Czech tennis star Karolína Plíšková has been world number one and is a constant presence in the top 10. However, she has only been to one Grand Slam final in her career – and she is now hoping to at least equal that achievement after reaching the last four at Wimbledon.
Karolína Plíšková was women’s world number in 2017 and has not been outside the top 10 in nearly five years.
Yet the rangy 29-year-old has only ever made it to one Grand Slam final, at the US Open in 2016.
Now Plíšková has made the final four at her first major tournament in two years – and reached the semi-finals at the All-England Club for the first time ever.
On Tuesday the Czech achieved that advance with a win over Viktorija Golubic on Centre Court.
Neither woman had ever made it into the last eight of the Grand Slam event before this week.
However, it was the Czech who made her experience count, with a quick-fire 6-2 6-2 victory over the Swiss player.
She described her feelings to Czech Radio after the match:
“Of course it was a wonderful win. I think I played well from the very start to the finish, even though the final game wasn’t quite as good. But I played the kind of match I needed to. It wasn’t anything out of this world, but I played the match I needed to, cleverly and carefully. My service was excellent and kept me on top throughout the match. Things didn’t go so great for me in recent weeks, so I’m glad I’ve turned that around.”
Plíšková is the first Czech singles player to reach the semis at all four Grand Slams since Tomáš Berdych. Two-time Wimbledon champion Petr Kvitová has never made the last four at the US Open.
However, Plíšková’s relatively poor record at the four Grand Slams, particularly on the grass courts of Wimbledon, has frequently been commented on.
The Czech, seeded eighth, says even making the last four in London has been a step forward for her.

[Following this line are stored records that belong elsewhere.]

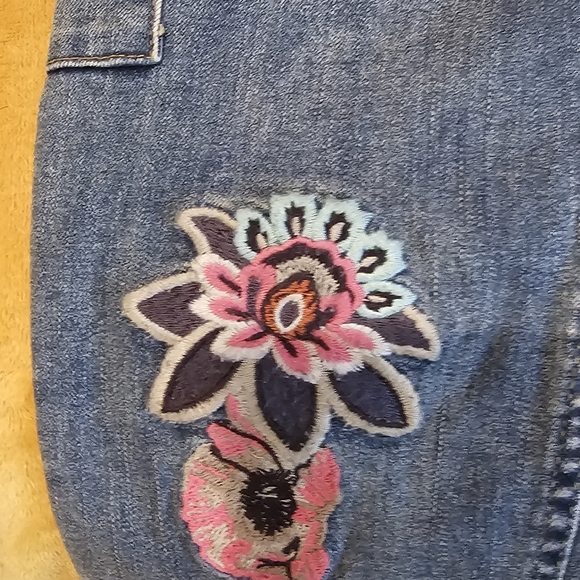 For the Republic Denim patches straight skinny leg size 8/28 ✨️Pre-owned - Picture 2 of 10
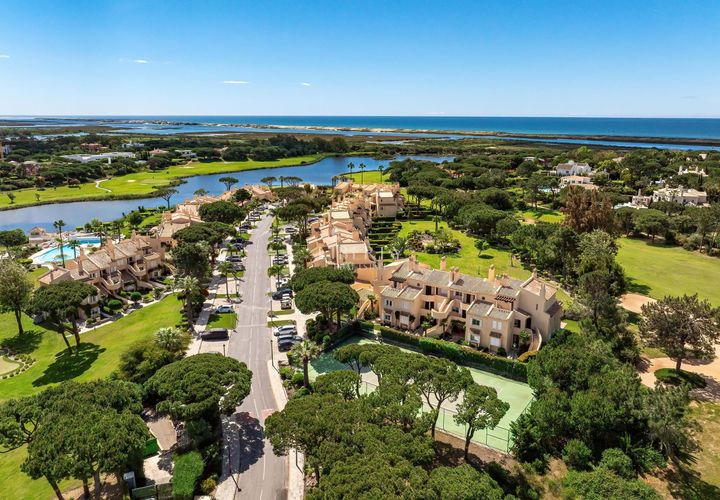 Lejlighed i Almancil, Faro, Almancil - € 1.595.000 | Ref: LBRT378 - foto 1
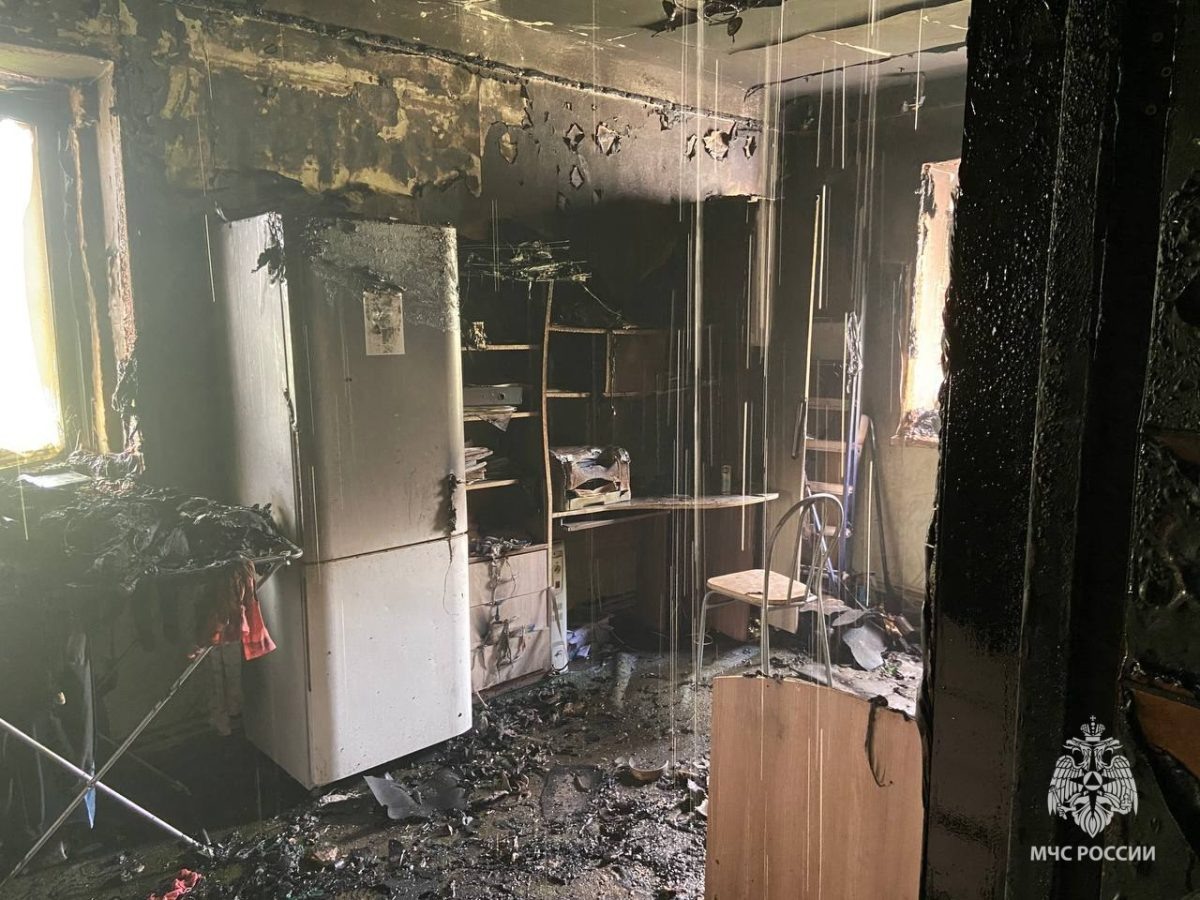    Две соседние квартиры загорелись в двухэтажном многоквартирном доме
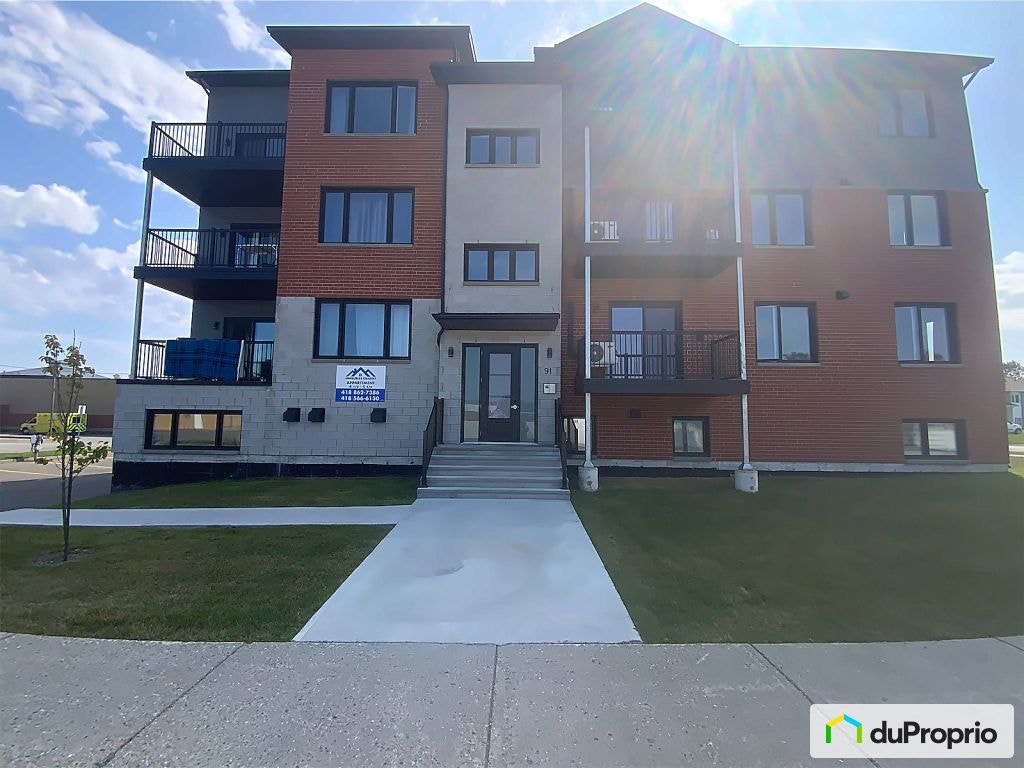 $3,675,000 - 6 units or more for sale in Matane — photo 1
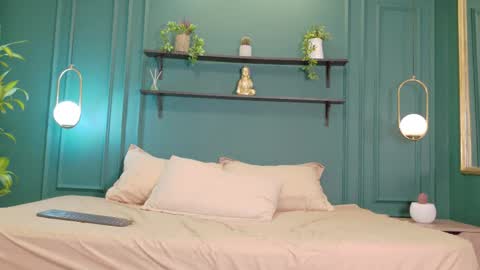 Suzy online show from February 24, 10:35 pm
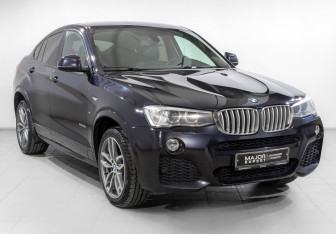 Подержанный автомобиль BMW X4 2018 года (3 фото)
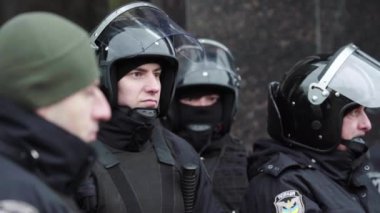Şehir caddesinde bir polis ekibi. Kyiv. Ukrayna.
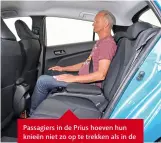  ??  ?? Passagiers in de Prius hoeven hun knieën niet zo op te trekken als in de Leaf en zitten comfortabe­ler.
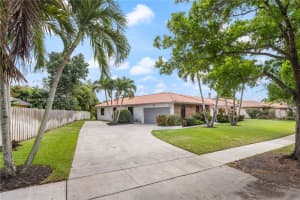 1086 NW 96th Ave, Plantation, FL 33322, Sold 03/08/24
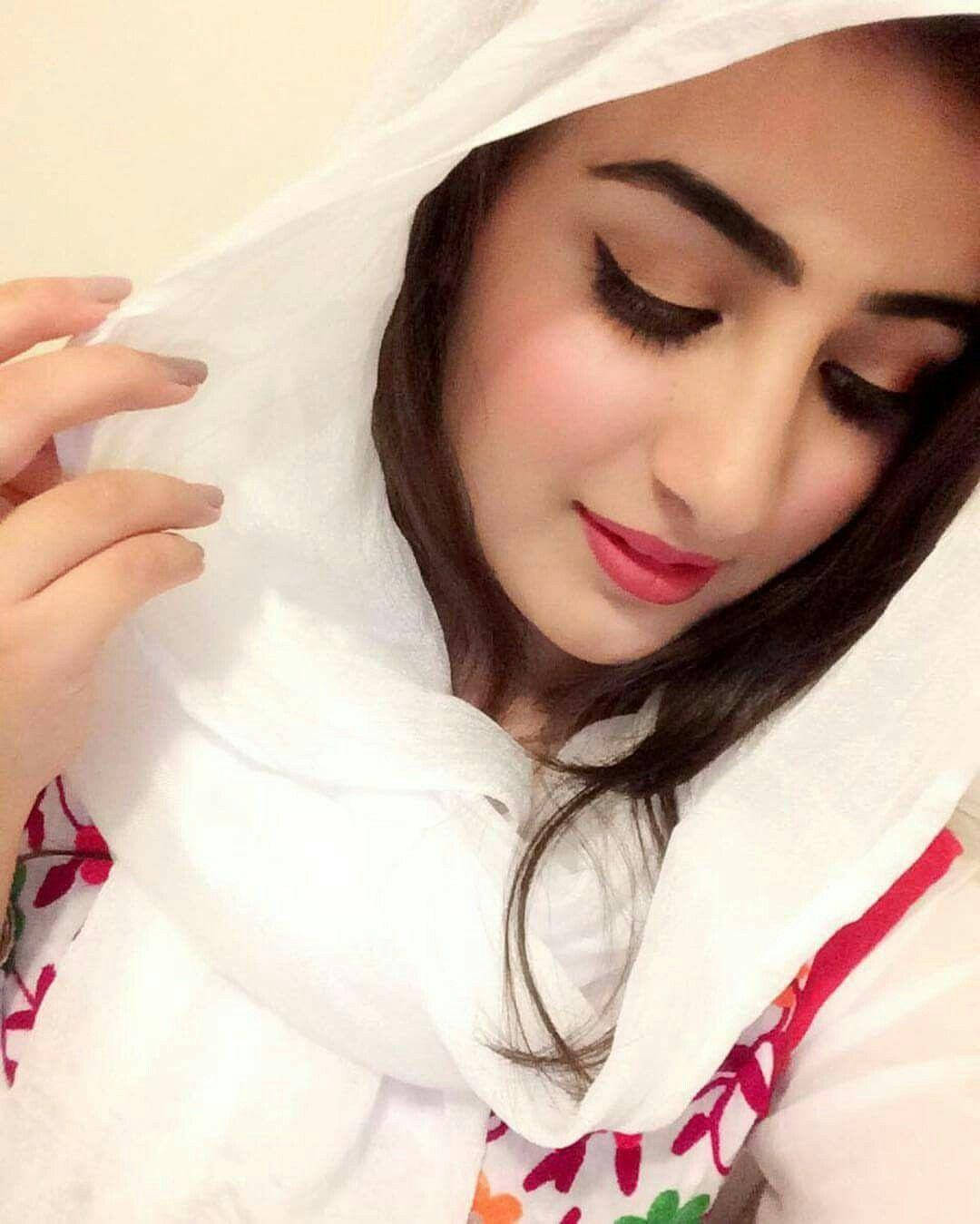 سلفی دختر محجبه با روسری سفید والپیپر
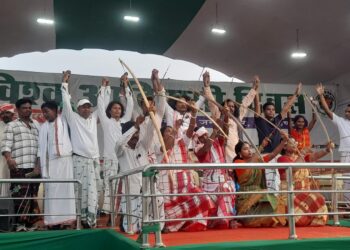 Jamshedpur indigenous day celebration : बिष्टुपुर गोपाल मैदान में हुआ आदिवासियों का महाजुटान, सैकड़ो आदिवासियों ने उठायी आवाज
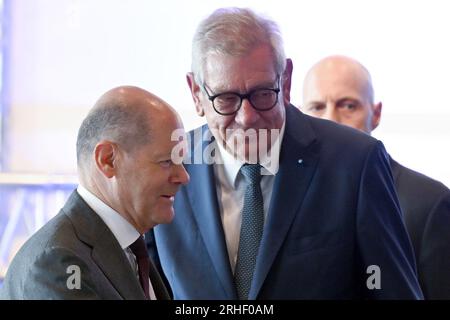 Duesseldorf, Germania. 16 agosto 2023. Il cancelliere tedesco Olaf Scholz (SPD, l) e Arndt Kirchhoff, presidente della Federazione delle associazioni di imprese della Renania settentrionale-Vestfalia, arrivano al Business Day della Renania settentrionale-Vestfalia. Credito: Federico Gambarini/dpa/Alamy Live News Foto Stock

“I’m glad about it. Wimbledon was the only one I was lacking. To get past the fourth round, where I was twice before… I just missed out in the past and didn’t play particularly badly, but sometimes you just need that little bit of luck. I’m glad I made the semis at the last Grand Slam that I was lacking. Because people were surprised and say, How come you can do it in Paris, but not at Wimbledon? I must have heard that a million times [laughs].”
Though she says she is taking things one match at a time, Karolína Plíšková will no doubt be hoping to go one better than the semi-finals, and take part in her first major final in half a decade.
Standing between her and that achievement will be Aryna Sabalenka of Belarus, who is seeded second.